なぜプロトタイピングは新規事業のカギを握るのか 「Suicaと香港」で考える (1/5ページ)

 ダイソンは試作品を段ボールでつくる

 新規事業は、成功よりも失敗するケースのほうが多いものです。なぜ失敗してしまうのでしょうか。そのカギを握るのが「プロトタイピング」です。

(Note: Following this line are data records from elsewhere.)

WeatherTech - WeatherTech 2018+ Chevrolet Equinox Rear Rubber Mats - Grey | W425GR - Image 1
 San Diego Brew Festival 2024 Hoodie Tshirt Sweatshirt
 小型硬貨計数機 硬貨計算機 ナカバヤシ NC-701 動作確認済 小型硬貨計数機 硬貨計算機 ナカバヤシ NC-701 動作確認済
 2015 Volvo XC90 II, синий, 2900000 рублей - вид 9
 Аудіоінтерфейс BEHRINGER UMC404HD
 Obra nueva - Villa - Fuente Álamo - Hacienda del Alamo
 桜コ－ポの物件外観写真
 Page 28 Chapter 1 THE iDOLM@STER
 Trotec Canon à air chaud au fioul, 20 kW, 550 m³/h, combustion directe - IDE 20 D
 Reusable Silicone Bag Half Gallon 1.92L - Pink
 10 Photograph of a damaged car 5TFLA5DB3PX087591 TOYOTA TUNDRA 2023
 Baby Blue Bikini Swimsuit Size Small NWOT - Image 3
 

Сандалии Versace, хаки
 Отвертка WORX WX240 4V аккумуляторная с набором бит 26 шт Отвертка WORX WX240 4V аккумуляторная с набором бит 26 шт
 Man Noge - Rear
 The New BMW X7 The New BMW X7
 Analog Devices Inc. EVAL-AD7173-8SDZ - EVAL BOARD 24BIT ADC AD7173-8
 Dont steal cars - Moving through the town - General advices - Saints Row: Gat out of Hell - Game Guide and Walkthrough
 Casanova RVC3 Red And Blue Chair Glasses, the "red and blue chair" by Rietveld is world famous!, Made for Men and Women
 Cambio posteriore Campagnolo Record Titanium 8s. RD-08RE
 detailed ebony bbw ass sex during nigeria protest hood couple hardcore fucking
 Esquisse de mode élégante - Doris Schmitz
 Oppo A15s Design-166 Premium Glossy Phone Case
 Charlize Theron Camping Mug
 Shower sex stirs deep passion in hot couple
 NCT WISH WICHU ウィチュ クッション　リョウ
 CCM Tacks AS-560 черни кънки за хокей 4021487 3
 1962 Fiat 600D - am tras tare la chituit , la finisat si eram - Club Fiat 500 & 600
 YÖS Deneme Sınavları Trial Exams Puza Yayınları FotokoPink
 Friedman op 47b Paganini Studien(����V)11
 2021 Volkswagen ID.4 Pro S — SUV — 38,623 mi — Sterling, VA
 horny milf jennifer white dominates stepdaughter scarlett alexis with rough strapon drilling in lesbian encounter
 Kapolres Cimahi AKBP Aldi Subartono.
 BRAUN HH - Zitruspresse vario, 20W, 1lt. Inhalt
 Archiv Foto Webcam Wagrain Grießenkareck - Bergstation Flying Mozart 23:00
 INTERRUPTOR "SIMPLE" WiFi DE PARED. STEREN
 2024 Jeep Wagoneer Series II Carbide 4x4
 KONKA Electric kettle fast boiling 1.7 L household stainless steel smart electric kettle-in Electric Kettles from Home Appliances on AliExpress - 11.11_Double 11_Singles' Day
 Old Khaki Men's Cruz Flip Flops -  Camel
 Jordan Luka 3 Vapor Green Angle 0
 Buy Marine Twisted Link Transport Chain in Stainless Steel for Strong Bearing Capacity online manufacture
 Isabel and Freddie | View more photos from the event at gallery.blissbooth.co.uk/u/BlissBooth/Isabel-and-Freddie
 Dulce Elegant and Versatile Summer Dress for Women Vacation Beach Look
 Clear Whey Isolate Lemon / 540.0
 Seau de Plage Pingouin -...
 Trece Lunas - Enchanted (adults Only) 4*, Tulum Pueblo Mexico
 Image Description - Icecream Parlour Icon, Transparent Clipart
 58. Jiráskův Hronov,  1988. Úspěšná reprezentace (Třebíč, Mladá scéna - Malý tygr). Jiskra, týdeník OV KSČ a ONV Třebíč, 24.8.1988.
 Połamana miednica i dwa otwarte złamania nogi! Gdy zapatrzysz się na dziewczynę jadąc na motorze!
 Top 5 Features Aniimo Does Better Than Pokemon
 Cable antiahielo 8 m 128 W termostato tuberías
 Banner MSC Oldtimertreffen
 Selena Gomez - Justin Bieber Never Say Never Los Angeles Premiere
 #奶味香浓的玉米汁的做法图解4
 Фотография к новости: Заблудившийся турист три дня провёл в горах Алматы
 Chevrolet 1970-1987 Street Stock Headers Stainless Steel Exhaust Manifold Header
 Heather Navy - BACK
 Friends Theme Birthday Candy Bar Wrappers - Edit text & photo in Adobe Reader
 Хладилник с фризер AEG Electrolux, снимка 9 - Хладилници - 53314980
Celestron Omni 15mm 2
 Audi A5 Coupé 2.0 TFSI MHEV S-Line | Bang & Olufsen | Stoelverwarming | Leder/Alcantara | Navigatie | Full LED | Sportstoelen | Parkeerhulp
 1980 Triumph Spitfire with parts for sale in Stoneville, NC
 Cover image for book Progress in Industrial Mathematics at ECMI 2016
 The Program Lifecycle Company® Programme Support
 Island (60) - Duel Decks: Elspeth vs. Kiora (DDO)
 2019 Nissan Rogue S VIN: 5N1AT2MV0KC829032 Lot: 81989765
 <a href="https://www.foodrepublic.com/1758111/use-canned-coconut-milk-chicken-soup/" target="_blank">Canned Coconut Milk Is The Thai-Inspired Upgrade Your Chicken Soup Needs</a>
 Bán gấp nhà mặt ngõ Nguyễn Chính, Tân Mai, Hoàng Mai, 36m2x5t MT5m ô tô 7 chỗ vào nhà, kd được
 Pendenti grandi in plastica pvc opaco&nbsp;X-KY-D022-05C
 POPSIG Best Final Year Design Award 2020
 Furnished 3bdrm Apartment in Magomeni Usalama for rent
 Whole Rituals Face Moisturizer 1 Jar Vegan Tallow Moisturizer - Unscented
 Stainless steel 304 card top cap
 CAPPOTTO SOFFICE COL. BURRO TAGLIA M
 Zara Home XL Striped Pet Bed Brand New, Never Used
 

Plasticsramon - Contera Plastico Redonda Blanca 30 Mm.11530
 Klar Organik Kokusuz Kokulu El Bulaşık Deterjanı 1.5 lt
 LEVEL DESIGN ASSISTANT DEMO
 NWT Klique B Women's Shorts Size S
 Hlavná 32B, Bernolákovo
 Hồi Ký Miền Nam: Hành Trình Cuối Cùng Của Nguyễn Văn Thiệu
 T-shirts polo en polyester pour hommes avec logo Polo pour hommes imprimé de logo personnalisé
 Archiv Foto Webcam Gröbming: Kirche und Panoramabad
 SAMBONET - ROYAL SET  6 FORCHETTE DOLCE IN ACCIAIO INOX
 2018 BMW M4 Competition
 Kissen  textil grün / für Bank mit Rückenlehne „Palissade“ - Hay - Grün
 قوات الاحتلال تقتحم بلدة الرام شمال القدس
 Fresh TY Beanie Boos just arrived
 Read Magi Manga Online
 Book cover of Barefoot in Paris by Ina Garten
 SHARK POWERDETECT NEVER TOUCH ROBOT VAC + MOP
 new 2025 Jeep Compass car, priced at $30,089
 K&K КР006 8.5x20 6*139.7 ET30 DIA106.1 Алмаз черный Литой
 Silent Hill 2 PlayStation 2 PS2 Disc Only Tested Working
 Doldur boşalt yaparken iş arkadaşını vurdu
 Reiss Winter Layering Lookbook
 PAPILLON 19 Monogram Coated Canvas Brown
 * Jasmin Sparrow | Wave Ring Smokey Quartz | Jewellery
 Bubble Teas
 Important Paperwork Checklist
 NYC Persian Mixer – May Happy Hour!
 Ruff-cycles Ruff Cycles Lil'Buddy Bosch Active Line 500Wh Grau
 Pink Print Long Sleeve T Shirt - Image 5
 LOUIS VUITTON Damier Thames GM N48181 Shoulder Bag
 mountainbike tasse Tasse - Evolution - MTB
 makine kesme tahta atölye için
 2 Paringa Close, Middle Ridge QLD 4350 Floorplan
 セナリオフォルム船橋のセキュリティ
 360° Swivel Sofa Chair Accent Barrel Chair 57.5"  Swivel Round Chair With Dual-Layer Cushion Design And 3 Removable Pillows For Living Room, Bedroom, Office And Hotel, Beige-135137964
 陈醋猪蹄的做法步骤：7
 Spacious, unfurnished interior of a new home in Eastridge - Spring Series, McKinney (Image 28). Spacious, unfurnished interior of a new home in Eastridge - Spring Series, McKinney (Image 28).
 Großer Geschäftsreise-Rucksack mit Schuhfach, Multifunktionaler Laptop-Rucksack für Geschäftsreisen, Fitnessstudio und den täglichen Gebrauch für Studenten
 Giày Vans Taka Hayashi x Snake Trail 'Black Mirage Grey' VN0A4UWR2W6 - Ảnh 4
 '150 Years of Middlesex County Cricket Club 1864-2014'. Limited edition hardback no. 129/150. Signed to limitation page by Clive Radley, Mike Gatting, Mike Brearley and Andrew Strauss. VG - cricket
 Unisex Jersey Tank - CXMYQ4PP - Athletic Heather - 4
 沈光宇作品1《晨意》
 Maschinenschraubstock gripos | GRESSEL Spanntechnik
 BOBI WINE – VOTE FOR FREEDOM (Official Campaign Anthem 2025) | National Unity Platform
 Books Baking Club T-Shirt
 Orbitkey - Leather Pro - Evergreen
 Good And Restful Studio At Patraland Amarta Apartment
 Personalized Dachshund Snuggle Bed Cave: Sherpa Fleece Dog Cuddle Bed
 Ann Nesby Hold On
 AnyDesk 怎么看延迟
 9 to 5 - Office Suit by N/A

 モノづくりにおいて、プロトタイピング、すなわち試作品づくりは不可欠なプロセスです。その目的は2つあります。1つは、実際に製品化できるのかどうか、実現性を確認すること。そしてもう1つは、製品のコンセプトが本当に魅力的かどうかを確認することです。例えば、掃除機で有名なダイソンでは、試作品を段ボールでつくり、コンセプトを磨いています。

※画像はイメージです(Getty Images)

※画像はイメージです(Getty Images)

 こうしたプロトタイピングのプロセスは、モノづくりだけでなく、新たなサービスを始める際にも必要です。サービスは製品よりも想定外の要素が多く、1度始めるとやめることが難しいため、モノづくり以上に重要と言えますが、意外と疎かにされがちです。このことは、特にメーカーがサービスに参入する際のハードルになっています。

 スイカ導入の4年前に香港の鉄道が採用していた

 例えば、ソニーが、非接触ICカード技術のフェリカ(FeliCa)を幕張地域のインテリジェントビルの社員証に用いたことがあります。入退室管理もできて便利なため、想定以上に複数のビルで採用されましたが、その結果、電波が干渉して誤作動が起きるようになってしまいました。これは、現場試験というプロトタイピングを十分行わずに撤退したケースと言えます。